Ethnic group, in the
opinion of Jordon is a group of people possessing a common ancestry and cultural
tradition with a feeling of belonging and cohesiveness, living as a minority in
a larger society. Each social group is the keeper of distinctive cultural
traditions and the nucleus of various kinds of social interactions. An ethnic
group provides not only group identity, but also friendship, marriage patterns,
business success, and the political power base.
The mosaic of ethnic group
in Jammu and Kashmir State is complex and the race structure cannot be explained
without understanding the pre-historic movements of people. In the process of
peopling of the region, the Dards in the north-west, the Ladakhis in the east,
the Gujjars and Rajputs in the south and Paharis in the south-east have closely
influenced the existing ethnicity of the people. The racial composition of the
State was also influenced by the immigrants from the territories of Turkmenia,
Tadzkistan, Uzbaikistan, Kazakistan, Georgia, Azerbaijan (U.S.S.R.) Turkey,
Iraq, Iran and Afghanistan.
The various ethnic groups
of the Jammu and Kashmir State though intermingled have their areas of high
concentration. For example, Kashmiris are mainly concentrated in the Valley
bottom; Dards occupy the valley of Gurez; Hanjis are confined to water bodies of
Kashmir; Gujjars and Bakarwals are living and oscillating in the Kandi areas;
Dogras ocoupy the outskirts of the Punjab plain, while Chibhalis and Paharis
live between Chenab and Jhelum rivers. Moreover, there are numerous small ethnic
g}oups like Rhotas, Gaddis and Sikhs which have significant concentration in
isolated pockets of the State.
Kashmiris are well spread
in various parts of the State but their major concentration lies in the Valley
of Kashmir, Kishtwar, Bhadarwah, Doda and Ramban tehsils of the Jammu Division.
'Kashmiri' is a wide term
which has loosely been applied for several streams of immigrated mainly from
Turkey, Iran, Central Asia and Afghanistan, and settled in the valley. There is
a close bearing of the Indo-Aryans on the racials composition of the Kashmiris.

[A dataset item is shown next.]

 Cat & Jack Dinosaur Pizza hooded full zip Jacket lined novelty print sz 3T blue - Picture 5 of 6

In fact, the Indo-Aryan religions and languages have substantially affected the
mode of life of the Kashmiris. The influence of Sanskrit on Kashmiri language is
strong and cogent to this day. Moreover, Kashmir has also received racial
impulses from Indo-Greeks which have influenced the race structure of the people
considerably. The influence of Dards, Ladakhis and Punjabis has also moulded the
ethos of Kashmiri culture.
A Kashmiri woman carrying
a samavar of tea to the fields.
Kashmiri Muslim women at
work in a village of Kashmir.
A Kashmiri Pandit Family -
a style in itself.
Kashmiris are broad
shouldered and usually of medium to tall stature. They are much dolichocephic,
have a well developed forehead, a long narrow face, regular features and a
prominent straight and finely cut nose. They wear short pyjamas, a long loose
large sleeved gown locally known as Pharan, and a skull cap. In intellect they
are superior to their neighbours and efficient in business. In disposition they
are talkative, cheerful and humerous.
Most of the Kashmiris live
in villages and are dependent on agriculture. Paddy, orchards, saffron are the
main crops grown by them while the urban Kashmiris are engaged in business,
tourism, hotel-management, carpet making, silk industry, shawl-making, wood
work, pieper-mache and several other handicrafts.

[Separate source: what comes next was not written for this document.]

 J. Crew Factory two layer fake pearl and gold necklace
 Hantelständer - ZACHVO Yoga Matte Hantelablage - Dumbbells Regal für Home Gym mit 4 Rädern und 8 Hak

Dards have a long history.
Ptolemy in his book 'Almagast' has used the word Daradrai for Dards of the
western Himalayas. Before embracing Islam, they were the followers of Budhism
and Hinduism. At present their major concentration lies in Dardistan (Derdesa),
the area to the north of Kashmir Valley, especially in the catchment of
Kishanganga north of Sardi, Gurez and Tilel.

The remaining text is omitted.